And We do hereby give and grant unto you full power & authority with the advice and consent of our said Council from time to time as need shall require to summon and call General Assemblys of the Freeholders and Planters within your Government according to the usage of the rest of our Colonies & plantations in America. And our will and pleasure is that the persons thereupon duly elected by the major part of the Freeholders of the Respective Counties and places & so returned shall before their setting take the Oaths mentioned in the said Act entitled an Act for the further security of his Majesty’s Person and government and the succession of the Crown in the Heirs of the late Princess Sophia being Protestants, and for extinguishing the hopes of the pretended Prince of Wales and his open and secret abettors, as also make and subscribe the aforementioned Declaration (which Oaths & Declaration you shall commissionate fit persons under our seal of Nova Scotia, to Tender and administer unto them,) and until the same shall be so taken and subscribed no person shall be capable of sitting tho’ elected, and we do hereby declare that the persons so elected and qualified shall be called and deemed the General Assembly of that our Province of Nova Scotia.

And that you the said Edward Cornwallis with the advice and consent of our said Council and Assembly or the Major part of them respectively shall have full power and authority to make, constitute and ordain Laws, Statutes & Ordinances for the Publick peace, welfare & good government of our said province and of the people and inhabitants thereof and such others as shall resort thereto & for the benefit of us our heirs & Successors, which said Laws Statutes and Ordinances are not to be repugnant but as near as may be agreeable to the Laws and Statutes of this our Kingdom of Great Britain.

Provyded that all such Laws, Statutes & Ordinances of what nature or duration so ever be within three months or sooner after the making thereof transmitted to us under Our Seal of Nova Scotia for our approbation or Disallowance thereof as also Duplicates by the next conveyance.

And in case any or all of the said Laws, Statutes & Ordinances not before confirmed by us shall at any time be disallowed and not approved & so signyfied by us our Heirs or Successors under our or their sign manuel & signet or by order of our or their privy Council unto you the said Edward Cornwallis or to the Commander in Chief of our said Province for the time being then such and so many of the said Laws Statutes, and Ordinances as shall be so disallowed <fc not approved shall from thenceforth cease, determine & become utterly void & of none elect any thing to the contrary thereof notwithstanding.

And to the end that nothing may be passed or done by our said Council or Assembly to the prejudice of us our Heirs & Successors We Will & ordain that you the said Edward Cornwallis shall have and enjoy a Negative Voice in the making and passing of all Laws, Statutes & Ordinances as aforesaid.

And you shall & may likewise from time to time as you shall Judge it necessary, adjourn, Prorogue & Dissolve all General Assemblies as aforesaid.

And our further will and pleasure is that you shall and may keep & use the Publick Seal of our Province of Nova Scotia for Sealing all things whatsoever that Pass the Great Seal of Our said Province under your Government.

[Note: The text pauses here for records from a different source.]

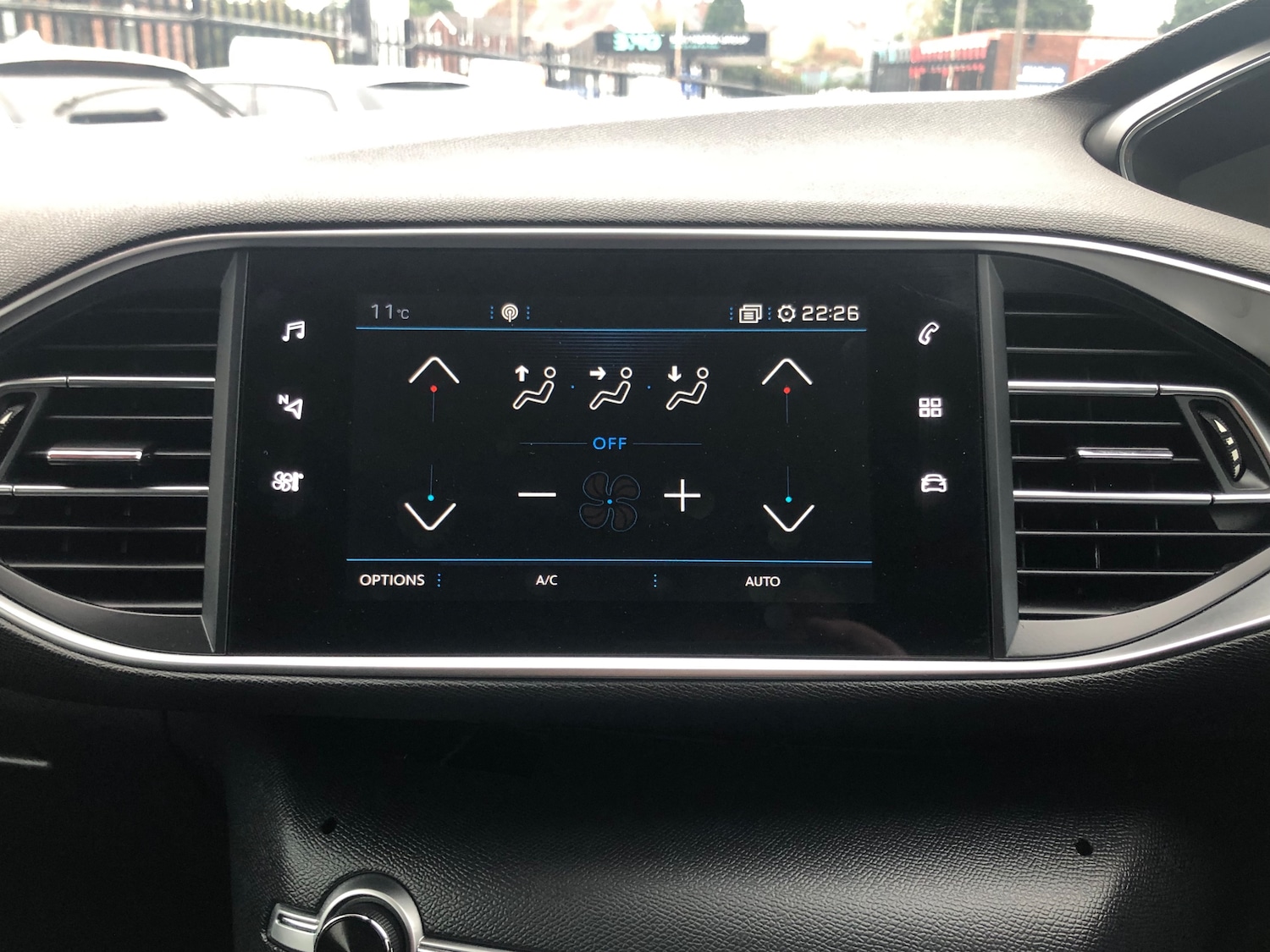 Used Peugeot 308 2020 for sale - 76767438: Photo 13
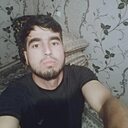 Знакомства: Ибрагим, 35 лет, Липецк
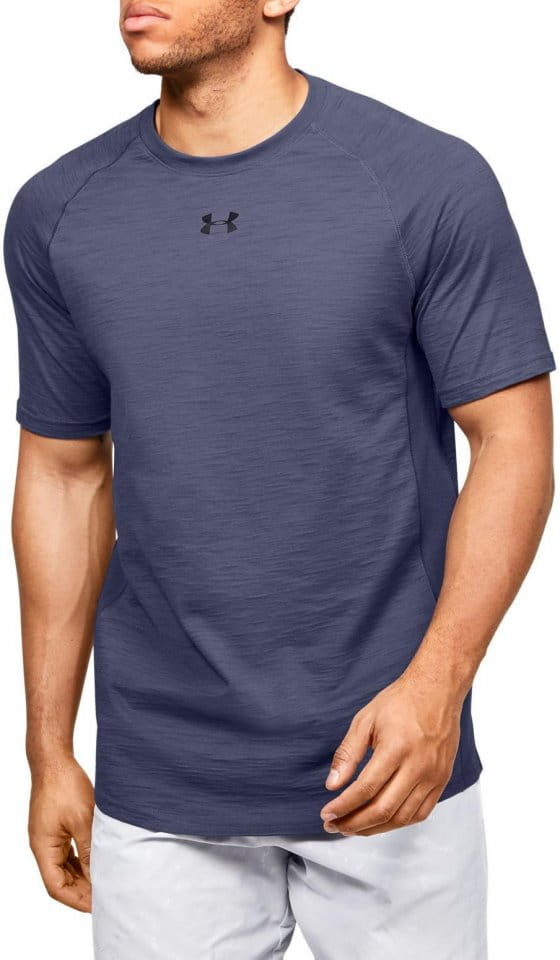 T-shirt Under Armour UA Charged Cotton SS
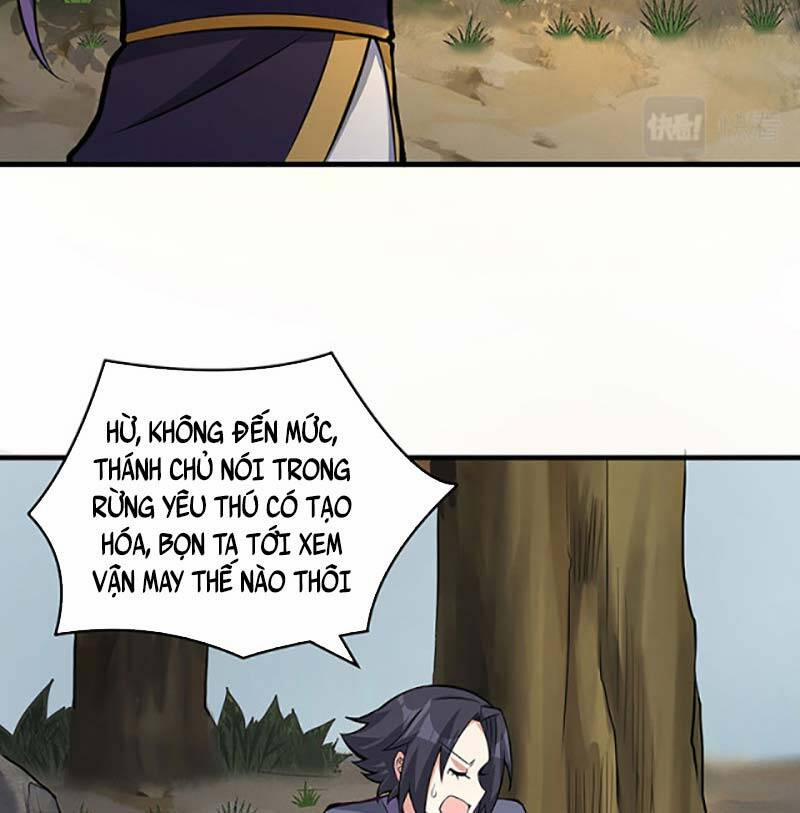 Võ Đạo Độc Tôn 520 trang 49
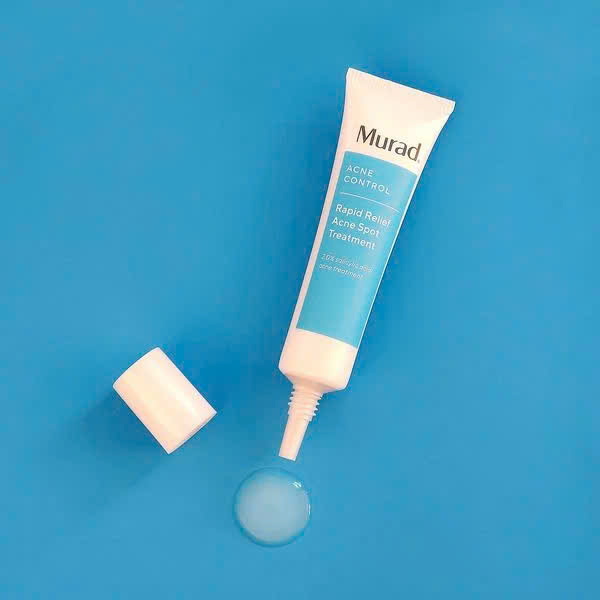 Gel chấm mụn Murad Rapid Relief Acne Spot Treatment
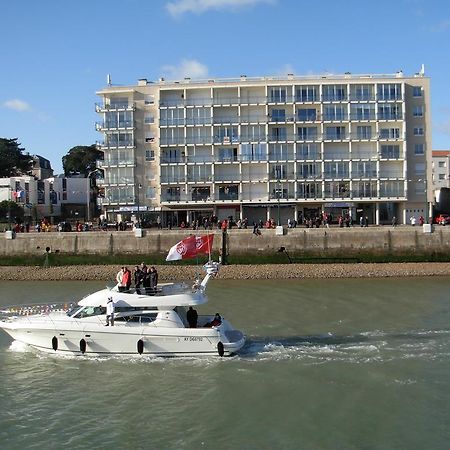 Appartement Les Sables d'Olonne Extérieur photo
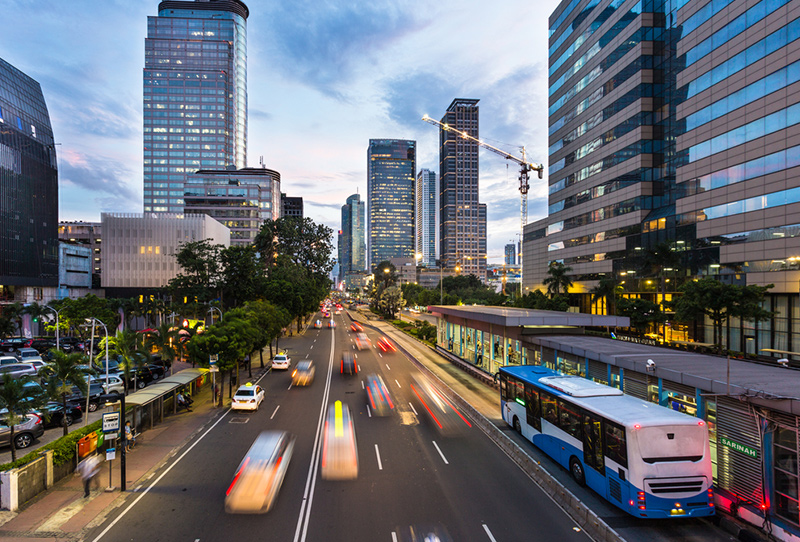 نکات حمل و نقلی در سفر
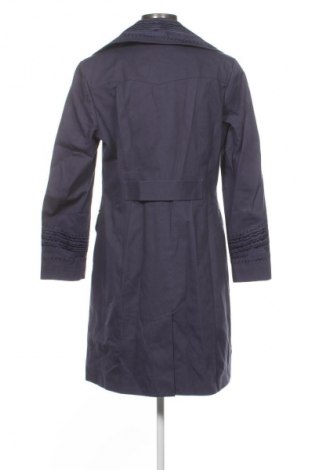 Damenmantel Heine, Größe L, Farbe Blau, Preis € 14,99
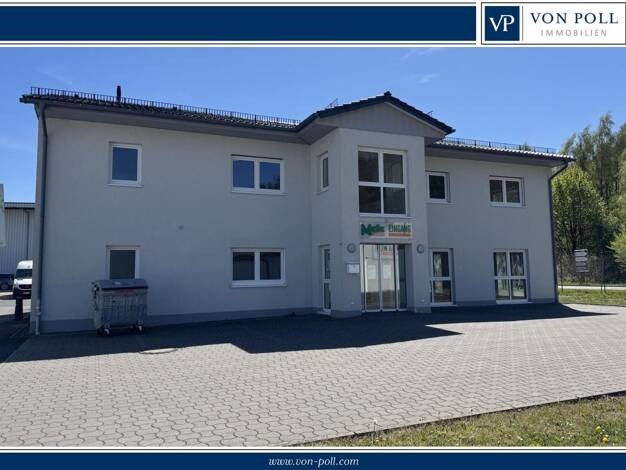Verkaufsfläche zur Miete 3.250 € 8 Zimmer 156 m² Verkaufsfläche Osterode Osterode 37520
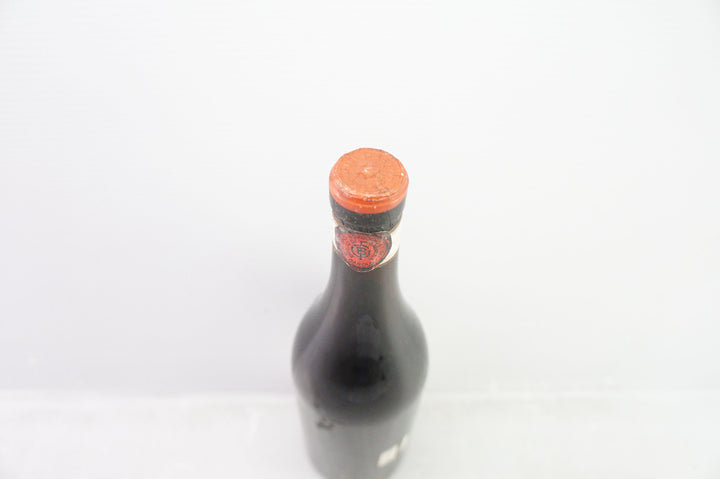 Borgogno Barolo Riserva 1970 *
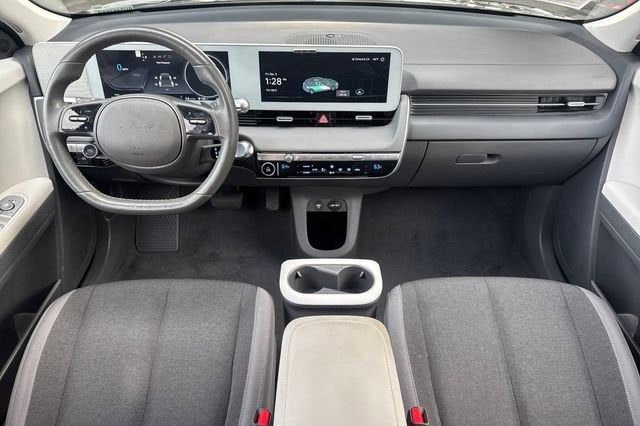 2024 Hyundai IONIQ 5 SEL RWD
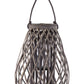 Rhelan Bellied Bamboo Lantern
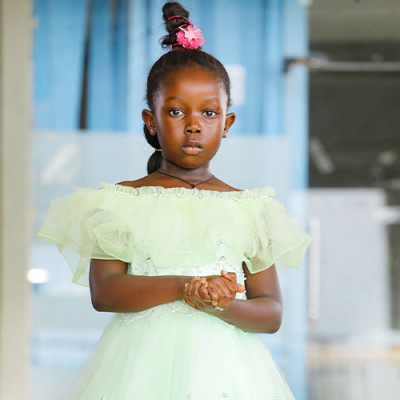 Michelle Achol Stephan Ringo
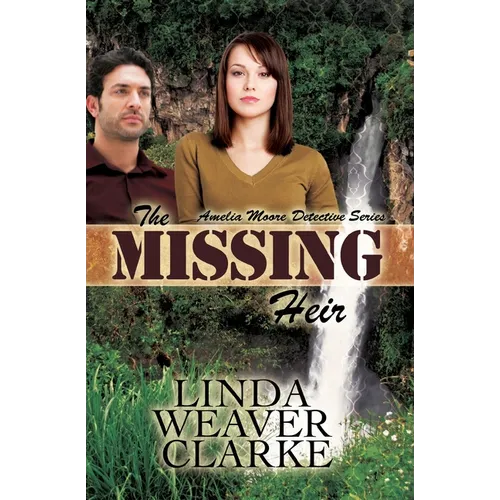 The Missing Heir - Paperback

And We do further give and grant unto you the said Edward Cornwallis full power and authority from time to time & at any time hereafter by yourself or by any other to be authorised by you in that behalf to administer and give the Oaths mentioned in the aforesaid Act to all and every such person or persons as you shall think fit who shall at any time or times pass into our said Province or shall be residing or abiding there.

And We do by these presents give and grant unto you the said Edward Cornwallis full power and authority with advice and consent of our said Council to erect constitute and establish such & so many Courts of Judicature & publick Justice within our said Province and Dominion as you and they shall think fit and necessary for the hearing & determining all causes as well Criminal as Civil according to Law and Equity and for awarding of Execution thereupon with all reasonable and necessary powers, Authorities fees & Privileges belonging thereunto as also to appoint & Commissionate fit per- sons in the several parts of your Government to administer the oaths mentioned in the aforesaid Act Entitled an Act for the further security of His Majesty’s Person & Government & the Succession of the Crown in the Heirs of the late Princess Sophia being Protestants and for Extinguishing the hopes of the pretended Prince of Wales and his open and secret abettors; As also to tender & Administer the aforesaid Declaration unto such persons belonging to the said Courts as shall be obliged to take the same.

And We do hereby authorise and Impower you to constitute & appoint Judges & in cases requisite Commissioners of Oyer & Terminer, Justices of the Peace and other necessary officers & ministers in our said Province for the better ad- ministration of Justice and putting the Laws in execution and : to administer or cause to be administered unto them such oath or oaths as are usually given for the due execution and performance of offices and places and for the clearing of truth in Judicial Causes.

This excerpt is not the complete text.